### Exercise
Each line starting at the one that contains "adam roskovics business card" and ending at the one that contains "Lucky brand Men's" must be returned exactly, and the rest of the listing is left out.

### Input records
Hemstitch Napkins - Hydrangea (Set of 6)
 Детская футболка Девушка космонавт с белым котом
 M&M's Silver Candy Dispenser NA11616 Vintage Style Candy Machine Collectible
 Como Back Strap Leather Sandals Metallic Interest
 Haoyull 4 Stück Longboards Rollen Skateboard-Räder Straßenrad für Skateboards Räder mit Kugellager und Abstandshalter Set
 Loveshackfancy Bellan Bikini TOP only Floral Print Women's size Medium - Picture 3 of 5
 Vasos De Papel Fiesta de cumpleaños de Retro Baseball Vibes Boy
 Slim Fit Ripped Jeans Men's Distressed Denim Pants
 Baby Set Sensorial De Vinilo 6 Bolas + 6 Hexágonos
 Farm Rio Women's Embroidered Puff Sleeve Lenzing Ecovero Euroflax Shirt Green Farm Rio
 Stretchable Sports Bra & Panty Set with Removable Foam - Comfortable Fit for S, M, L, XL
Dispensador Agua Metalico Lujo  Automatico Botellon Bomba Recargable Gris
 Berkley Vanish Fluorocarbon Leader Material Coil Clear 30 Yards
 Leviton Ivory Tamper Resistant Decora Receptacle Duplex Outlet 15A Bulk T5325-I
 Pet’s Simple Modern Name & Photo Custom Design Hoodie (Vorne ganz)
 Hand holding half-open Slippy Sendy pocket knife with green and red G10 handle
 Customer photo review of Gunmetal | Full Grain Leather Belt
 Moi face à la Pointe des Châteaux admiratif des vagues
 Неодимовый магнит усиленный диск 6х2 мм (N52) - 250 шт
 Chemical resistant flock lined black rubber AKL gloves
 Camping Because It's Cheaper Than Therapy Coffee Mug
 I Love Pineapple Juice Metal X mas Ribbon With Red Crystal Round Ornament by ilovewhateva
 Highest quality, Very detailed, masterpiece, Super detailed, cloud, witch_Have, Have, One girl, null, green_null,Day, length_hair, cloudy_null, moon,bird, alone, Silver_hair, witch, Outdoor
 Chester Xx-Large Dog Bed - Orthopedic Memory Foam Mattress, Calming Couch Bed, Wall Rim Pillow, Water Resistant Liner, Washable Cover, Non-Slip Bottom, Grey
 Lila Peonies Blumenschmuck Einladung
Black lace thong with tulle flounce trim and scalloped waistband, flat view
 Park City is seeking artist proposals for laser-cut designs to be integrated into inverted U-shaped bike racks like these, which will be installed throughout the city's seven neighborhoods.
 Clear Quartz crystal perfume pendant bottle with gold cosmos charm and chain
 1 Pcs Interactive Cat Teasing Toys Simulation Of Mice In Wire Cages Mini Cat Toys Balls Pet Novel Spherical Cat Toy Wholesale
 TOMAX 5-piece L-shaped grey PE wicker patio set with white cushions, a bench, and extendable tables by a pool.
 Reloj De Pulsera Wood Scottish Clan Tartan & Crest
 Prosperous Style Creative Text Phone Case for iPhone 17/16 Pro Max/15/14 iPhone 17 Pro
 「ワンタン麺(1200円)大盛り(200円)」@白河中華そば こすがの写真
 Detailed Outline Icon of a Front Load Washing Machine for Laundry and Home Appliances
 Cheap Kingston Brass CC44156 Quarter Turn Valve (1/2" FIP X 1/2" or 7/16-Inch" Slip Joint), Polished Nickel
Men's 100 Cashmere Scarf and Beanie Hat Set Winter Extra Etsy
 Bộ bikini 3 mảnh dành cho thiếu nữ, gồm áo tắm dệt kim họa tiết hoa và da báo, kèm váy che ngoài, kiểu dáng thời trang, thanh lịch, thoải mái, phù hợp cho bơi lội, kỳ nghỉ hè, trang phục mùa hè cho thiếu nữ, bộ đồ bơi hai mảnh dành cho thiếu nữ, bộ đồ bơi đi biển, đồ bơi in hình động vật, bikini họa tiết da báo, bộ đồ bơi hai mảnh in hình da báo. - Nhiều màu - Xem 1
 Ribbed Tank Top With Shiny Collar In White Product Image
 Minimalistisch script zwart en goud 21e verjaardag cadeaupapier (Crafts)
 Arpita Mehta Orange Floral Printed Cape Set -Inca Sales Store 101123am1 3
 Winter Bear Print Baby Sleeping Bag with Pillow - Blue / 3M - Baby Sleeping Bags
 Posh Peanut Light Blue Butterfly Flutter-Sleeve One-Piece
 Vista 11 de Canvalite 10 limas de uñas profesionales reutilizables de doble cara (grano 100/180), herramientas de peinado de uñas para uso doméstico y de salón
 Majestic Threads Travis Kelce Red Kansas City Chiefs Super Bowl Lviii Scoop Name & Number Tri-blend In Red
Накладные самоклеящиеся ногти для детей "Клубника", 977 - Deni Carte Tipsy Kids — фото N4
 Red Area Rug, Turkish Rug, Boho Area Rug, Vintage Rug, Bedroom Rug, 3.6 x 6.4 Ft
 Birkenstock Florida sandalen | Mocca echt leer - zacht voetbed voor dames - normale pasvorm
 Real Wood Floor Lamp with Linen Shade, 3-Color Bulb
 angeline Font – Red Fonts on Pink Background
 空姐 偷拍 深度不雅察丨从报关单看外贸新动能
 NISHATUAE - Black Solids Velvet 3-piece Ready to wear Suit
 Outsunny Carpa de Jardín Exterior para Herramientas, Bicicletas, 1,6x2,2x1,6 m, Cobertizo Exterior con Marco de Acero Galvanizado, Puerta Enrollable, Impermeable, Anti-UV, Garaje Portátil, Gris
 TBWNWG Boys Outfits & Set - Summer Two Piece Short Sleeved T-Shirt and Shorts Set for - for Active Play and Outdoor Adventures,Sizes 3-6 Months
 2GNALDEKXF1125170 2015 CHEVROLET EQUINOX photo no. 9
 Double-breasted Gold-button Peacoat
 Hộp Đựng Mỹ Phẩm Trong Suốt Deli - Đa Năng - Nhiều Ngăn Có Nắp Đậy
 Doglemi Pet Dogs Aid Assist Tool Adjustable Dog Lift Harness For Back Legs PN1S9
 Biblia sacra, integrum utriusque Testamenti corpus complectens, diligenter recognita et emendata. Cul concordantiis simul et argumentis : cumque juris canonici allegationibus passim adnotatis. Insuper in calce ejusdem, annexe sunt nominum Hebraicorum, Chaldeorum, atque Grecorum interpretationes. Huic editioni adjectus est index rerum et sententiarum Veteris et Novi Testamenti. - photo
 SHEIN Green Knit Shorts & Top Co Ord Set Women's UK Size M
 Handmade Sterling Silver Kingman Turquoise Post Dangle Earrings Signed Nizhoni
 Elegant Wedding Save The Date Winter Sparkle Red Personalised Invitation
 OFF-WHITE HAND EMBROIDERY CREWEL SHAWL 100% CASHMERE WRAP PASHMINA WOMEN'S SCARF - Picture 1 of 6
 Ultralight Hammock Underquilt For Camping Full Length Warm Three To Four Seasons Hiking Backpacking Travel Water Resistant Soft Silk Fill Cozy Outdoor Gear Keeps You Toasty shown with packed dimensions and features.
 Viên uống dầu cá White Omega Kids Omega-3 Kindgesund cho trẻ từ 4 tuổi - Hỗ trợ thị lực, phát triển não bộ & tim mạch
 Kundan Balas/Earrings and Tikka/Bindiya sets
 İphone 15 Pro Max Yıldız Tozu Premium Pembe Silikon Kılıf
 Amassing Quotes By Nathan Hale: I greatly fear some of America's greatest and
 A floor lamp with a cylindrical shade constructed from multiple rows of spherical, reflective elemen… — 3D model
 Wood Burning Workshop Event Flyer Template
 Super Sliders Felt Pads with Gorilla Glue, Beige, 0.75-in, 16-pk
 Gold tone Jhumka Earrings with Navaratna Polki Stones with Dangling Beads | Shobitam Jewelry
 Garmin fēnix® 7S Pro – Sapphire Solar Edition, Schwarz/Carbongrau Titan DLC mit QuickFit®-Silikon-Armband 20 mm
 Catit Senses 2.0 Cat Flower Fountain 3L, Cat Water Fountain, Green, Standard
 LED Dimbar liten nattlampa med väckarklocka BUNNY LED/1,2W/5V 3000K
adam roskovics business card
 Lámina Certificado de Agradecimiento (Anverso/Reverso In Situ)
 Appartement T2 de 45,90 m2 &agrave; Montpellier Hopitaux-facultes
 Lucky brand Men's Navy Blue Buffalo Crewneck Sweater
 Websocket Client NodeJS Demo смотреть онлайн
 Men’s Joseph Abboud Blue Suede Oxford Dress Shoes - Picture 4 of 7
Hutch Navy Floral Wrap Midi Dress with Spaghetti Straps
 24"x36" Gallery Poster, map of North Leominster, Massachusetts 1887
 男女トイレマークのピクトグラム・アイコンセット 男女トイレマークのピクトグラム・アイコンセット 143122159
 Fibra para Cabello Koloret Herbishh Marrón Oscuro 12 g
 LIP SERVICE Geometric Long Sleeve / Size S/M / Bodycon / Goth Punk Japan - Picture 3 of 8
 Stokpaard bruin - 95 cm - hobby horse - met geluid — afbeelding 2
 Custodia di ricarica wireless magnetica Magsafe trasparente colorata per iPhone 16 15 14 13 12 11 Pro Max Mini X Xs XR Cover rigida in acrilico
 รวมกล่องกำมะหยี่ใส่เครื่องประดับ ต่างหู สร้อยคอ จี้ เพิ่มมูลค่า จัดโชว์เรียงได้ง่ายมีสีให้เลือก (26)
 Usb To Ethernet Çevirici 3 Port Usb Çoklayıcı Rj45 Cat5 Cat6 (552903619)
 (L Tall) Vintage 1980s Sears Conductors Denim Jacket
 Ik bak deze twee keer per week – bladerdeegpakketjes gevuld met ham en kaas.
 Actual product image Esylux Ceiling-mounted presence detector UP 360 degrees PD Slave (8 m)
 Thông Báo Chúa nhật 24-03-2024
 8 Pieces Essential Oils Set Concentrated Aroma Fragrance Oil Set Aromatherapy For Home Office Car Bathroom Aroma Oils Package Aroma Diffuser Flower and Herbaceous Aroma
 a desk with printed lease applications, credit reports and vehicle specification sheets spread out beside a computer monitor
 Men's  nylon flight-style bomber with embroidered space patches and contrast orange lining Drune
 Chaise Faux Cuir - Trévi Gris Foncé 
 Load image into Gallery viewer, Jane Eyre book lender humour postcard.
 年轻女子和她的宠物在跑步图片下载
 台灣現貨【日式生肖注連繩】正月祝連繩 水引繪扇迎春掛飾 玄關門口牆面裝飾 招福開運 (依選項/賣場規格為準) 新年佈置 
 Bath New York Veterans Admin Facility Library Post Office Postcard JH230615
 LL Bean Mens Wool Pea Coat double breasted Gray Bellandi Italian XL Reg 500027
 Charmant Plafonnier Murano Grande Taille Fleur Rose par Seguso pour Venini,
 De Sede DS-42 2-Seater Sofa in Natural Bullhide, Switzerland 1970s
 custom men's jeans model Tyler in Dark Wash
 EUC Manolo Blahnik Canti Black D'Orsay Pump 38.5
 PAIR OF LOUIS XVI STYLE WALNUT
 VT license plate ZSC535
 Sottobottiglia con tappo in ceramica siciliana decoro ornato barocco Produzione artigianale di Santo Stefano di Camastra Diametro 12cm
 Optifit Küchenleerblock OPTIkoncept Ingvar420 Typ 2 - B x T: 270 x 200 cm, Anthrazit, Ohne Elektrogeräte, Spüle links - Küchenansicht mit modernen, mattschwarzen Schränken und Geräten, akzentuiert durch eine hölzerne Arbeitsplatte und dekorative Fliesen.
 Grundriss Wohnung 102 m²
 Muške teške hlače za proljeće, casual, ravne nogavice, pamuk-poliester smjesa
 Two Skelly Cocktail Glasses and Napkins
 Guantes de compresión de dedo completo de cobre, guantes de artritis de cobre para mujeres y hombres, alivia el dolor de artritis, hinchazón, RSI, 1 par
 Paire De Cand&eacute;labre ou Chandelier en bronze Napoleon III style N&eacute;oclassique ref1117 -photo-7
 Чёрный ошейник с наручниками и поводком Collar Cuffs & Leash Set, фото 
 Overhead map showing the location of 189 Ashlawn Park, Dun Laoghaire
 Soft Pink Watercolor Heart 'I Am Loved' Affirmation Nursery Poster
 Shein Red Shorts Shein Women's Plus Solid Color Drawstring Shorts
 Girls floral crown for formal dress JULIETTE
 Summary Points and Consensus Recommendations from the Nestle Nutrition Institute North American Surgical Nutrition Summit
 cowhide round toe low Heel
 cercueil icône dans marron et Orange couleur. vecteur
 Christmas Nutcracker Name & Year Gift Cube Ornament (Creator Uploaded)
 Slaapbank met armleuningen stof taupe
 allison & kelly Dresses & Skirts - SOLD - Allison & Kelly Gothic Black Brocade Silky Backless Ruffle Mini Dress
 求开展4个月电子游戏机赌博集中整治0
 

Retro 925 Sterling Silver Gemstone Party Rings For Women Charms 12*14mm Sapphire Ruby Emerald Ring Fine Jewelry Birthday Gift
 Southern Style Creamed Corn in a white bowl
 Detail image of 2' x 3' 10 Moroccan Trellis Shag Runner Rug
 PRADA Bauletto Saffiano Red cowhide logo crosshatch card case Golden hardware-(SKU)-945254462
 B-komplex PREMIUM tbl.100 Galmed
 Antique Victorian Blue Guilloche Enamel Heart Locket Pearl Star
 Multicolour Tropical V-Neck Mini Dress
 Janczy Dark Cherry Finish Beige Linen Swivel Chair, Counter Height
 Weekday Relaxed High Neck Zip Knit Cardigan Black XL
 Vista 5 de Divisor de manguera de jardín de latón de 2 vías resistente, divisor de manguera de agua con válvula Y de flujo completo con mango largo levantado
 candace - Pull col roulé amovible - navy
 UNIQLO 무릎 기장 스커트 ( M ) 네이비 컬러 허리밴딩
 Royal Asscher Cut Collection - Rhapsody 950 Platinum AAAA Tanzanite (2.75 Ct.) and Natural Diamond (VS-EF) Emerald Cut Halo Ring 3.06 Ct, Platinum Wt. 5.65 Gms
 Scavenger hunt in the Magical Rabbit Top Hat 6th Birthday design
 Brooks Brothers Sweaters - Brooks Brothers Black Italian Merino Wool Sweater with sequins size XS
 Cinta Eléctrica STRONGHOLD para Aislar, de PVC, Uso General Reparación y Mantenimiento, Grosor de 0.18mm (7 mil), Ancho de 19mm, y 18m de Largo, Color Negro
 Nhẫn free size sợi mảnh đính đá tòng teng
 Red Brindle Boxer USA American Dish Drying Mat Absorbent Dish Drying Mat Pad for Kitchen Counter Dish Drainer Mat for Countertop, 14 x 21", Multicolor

### Written answer
adam roskovics business card
 Lámina Certificado de Agradecimiento (Anverso/Reverso In Situ)
 Appartement T2 de 45,90 m2 &agrave; Montpellier Hopitaux-facultes
 Lucky brand Men's Navy Blue Buffalo Crewneck Sweater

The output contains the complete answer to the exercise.